Analizy

Nowy przywódca północnokaukaskich bojowników

18 marca w Internecie ukazało się oświadczenie Ali Abu-Muhammada (prawdziwe nazwisko Aliaschab Kebekow) – sędziego szariackiego Emiratu Kaukaskiego (wirtualne państwo islamskie grupujące północnokaukaskich bojowników) – potwierdzające krążące od kilku miesięcy pogłoski o śmierci dotychczasowego przywódcy podziemia Dokku Umarowa. Okoliczności śmierci przywódcy bojowników nie zostały ujawnione. Kebekow oświadczył, że został wybrany na przywódcę Emiratu. W przemówieniu zapowiedział kontynuację dżihadu i wezwał wszystkich północnokaukaskich muzułmanów do włączenia się do walki. Nie zagroził natomiast przeprowadzaniem zamachów terrorystycznych.

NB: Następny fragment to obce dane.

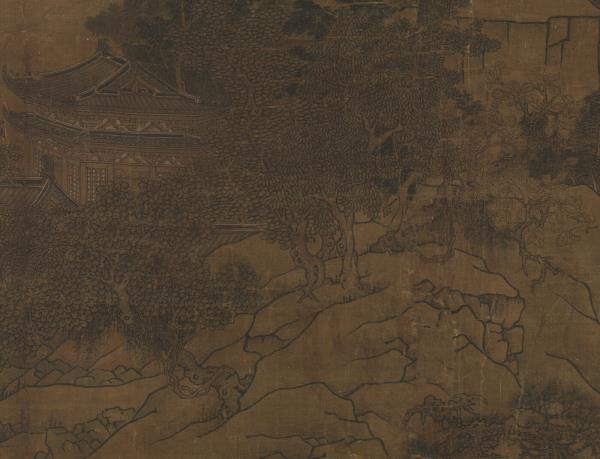 宋人松巖仙館　軸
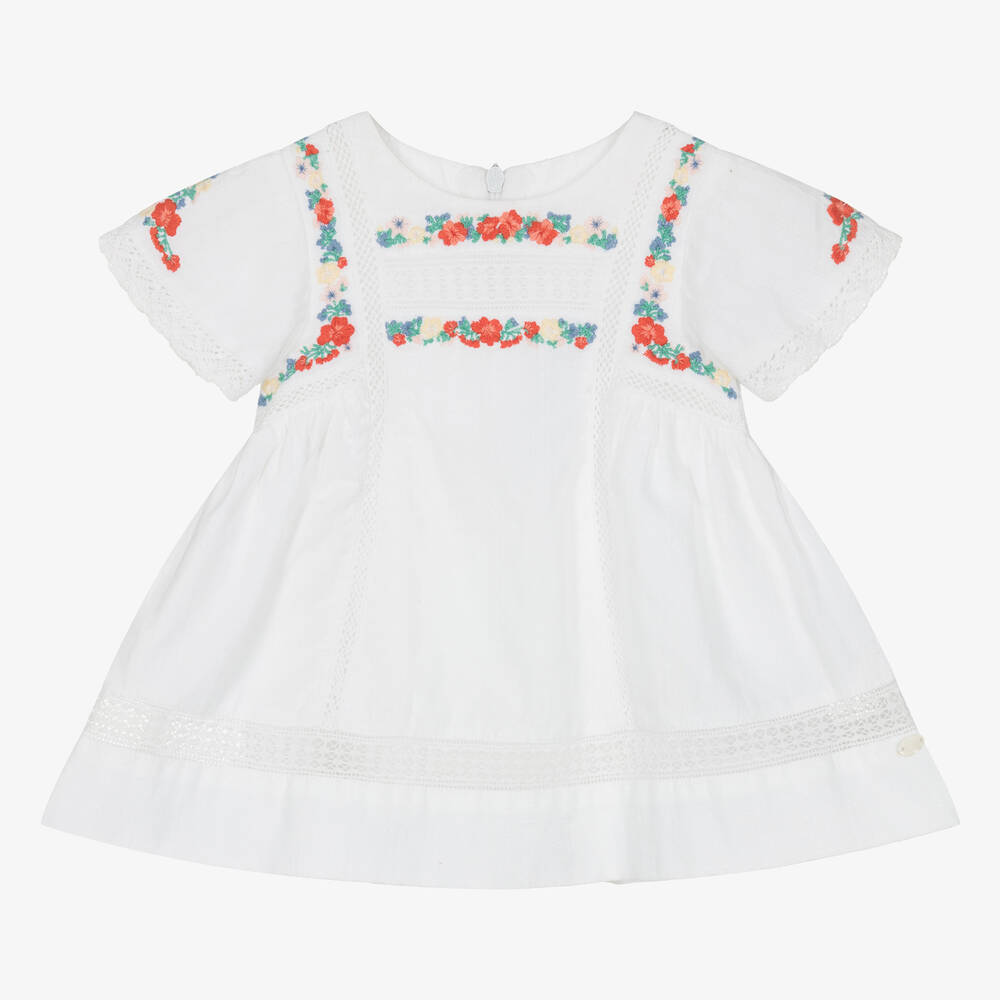 Tartine et Chocolat - Girls White Embroidered Cotton Dress  | Childrensalon
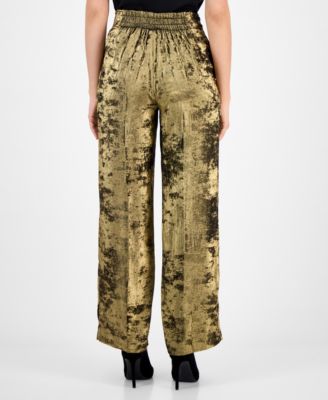 Petite Metallic Crepe Wide-Leg Pull-On Pants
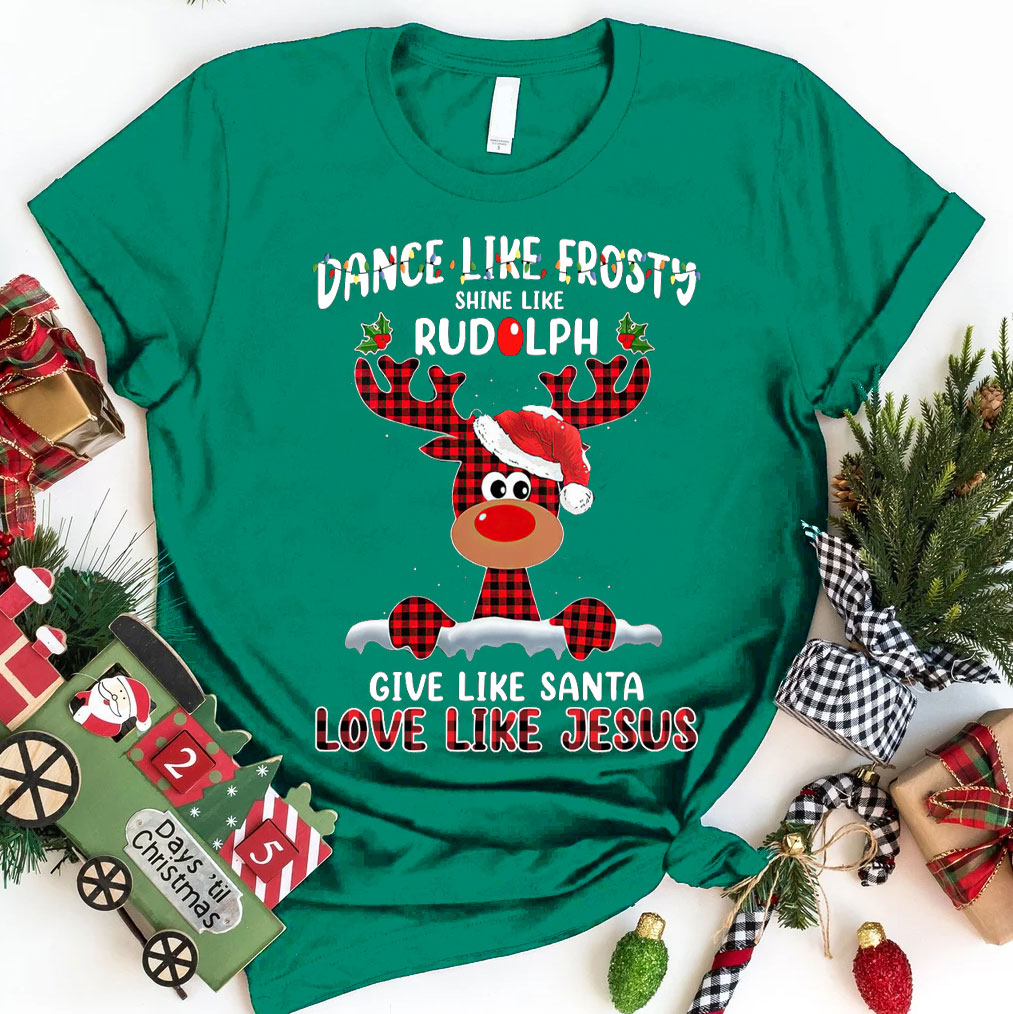 Give like Santa Love Like Jesus Christmas  Christian T-Shirt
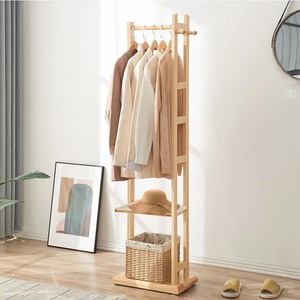 Porte-vêtements en bambou, support pour vêtements, chapeaux, chaussures, cintre en <span class=keywords><strong>bois</strong></span>, étagère, rangement, rail de suspension pour vêtements, crochets - Product Image 3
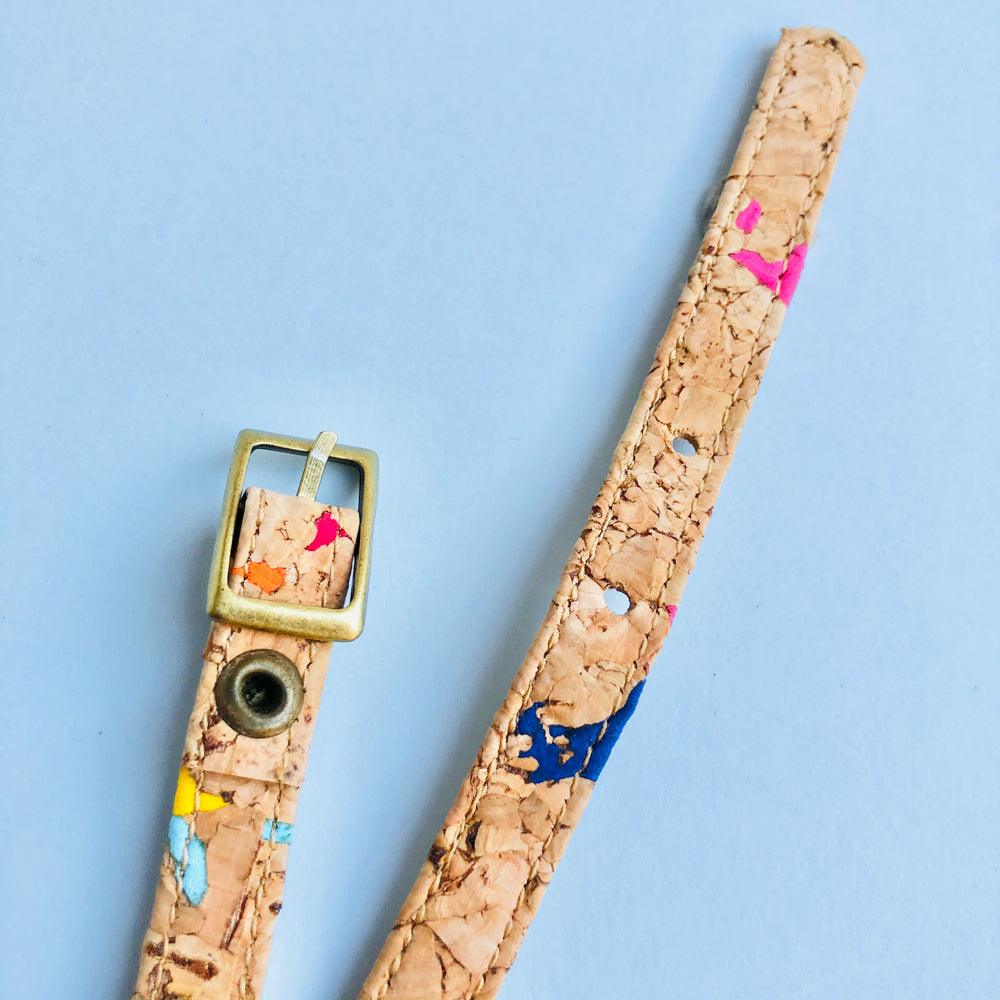 By The Sea Collection, Luke, colourful vegan cork leather luggage tag strap and buckle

Nowy przywódca bojowników (ur. 1972) pochodzi z Dagestanu, jest narodowości awarskiej (Awarowie są największą dagestańską grupą etniczną). Do dżihadu przyłączył się prawdopodobnie w 2009 roku, uczestniczył w walkach wyłącznie na terytorium Dagestanu. Już w 2010 roku mianowany został przez Umarowa szariackim sędzią Emiratu. Zna język arabski, słabo mówi po rosyjsku. Według niepotwierdzonych danych przed przyłączeniem się do bojowników Kebekow przebywał na studiach w Syrii. Sądząc z informacji o jego udziale w handlu nielegalnym alkoholem w latach dziewięćdziesiątych (za co został skazany na karę grzywny) jest – podobnie jak większość północnokaukaskich dżihadystów – neofitą.

 

Komentarz

  • Objęcie przywództwa przez Kebekowa – pierwszego nie-Czeczena stojącego na czele kaukaskich bojowników – jest zwieńczeniem obserwowanego od kilku lat procesu przesuwania się ciężaru walk na Kaukazie z Czeczenii do Dagestanu. Jest to z jednej strony efekt polityki czeczenizacji (stabilizacja sytuacji w Czeczenii, rozbicie oddziałów czeczeńskich) oraz masowego wyjazdu czeczeńskich bojowników do Syrii, z drugiej – dynamicznego rozwoju radykalnego islamu w Dagestanie. Należy oczekiwać, że w najbliższym czasie Dagestan pozostanie centrum dżihadu na Kaukazie Północnym, natomiast rola podziemia w pozostałych republikach będzie mniejsza.
  • O ile w Dagestanie Kebekow może liczyć na bezapelacyjne poparcie, o tyle w innych republikach stoi ono pod znakiem zapytania. Świadczyć o tym może długi okres braku przywództwa po śmierci Umarowa (pierwsze pogłoski pojawiły się pod koniec 2013 roku) wynikający prawdopodobnie ze sporów o przywództwo (jeszcze za życia Umarowa na jego następcę typowany był Czeczen – ostatni liczący się weteran wojen czeczeńskich – Asłambek Wadałow). Kebekow może mieć także problemy z nawiązaniem kontaktów z islamską międzynarodówką terrorystyczną, zabezpieczanych dotąd przez czeczeńską emigrację na Bliskim Wschodzie i w Turcji. Skutkiem przejęcia przez niego władzy może być więc fragmentaryzacja Emiratu oraz jeszcze większa homogenizacja dagestańskiego podziemia.
  • Nowy emir będzie zapewne chciał udowodnić, że śmierć Umarowa nie osłabiła podziemia, w najbliższym czasie można więc spodziewać się aktywizacji dżihadystów. Mało prawdopodobne jednak, aby aktywność ta wykroczyła poza sporadyczne akcje zbrojne (ataki na posterunki policji, sklepy monopolowe, zamachy na funkcjonariuszy itd.), podziemie boryka się bowiem z poważnym niedoborem rekrutów (skuteczne akcje antyterrorystyczne, wyjazdy na dżihad do Syrii). Nie wyklucza to jednak zagrożenia zamachami terrorystycznymi, co udowodniły zeszłoroczne zamachy w Wołgogradzie (zorganizowane przez lokalną grupę zbrojną z Dagestanu).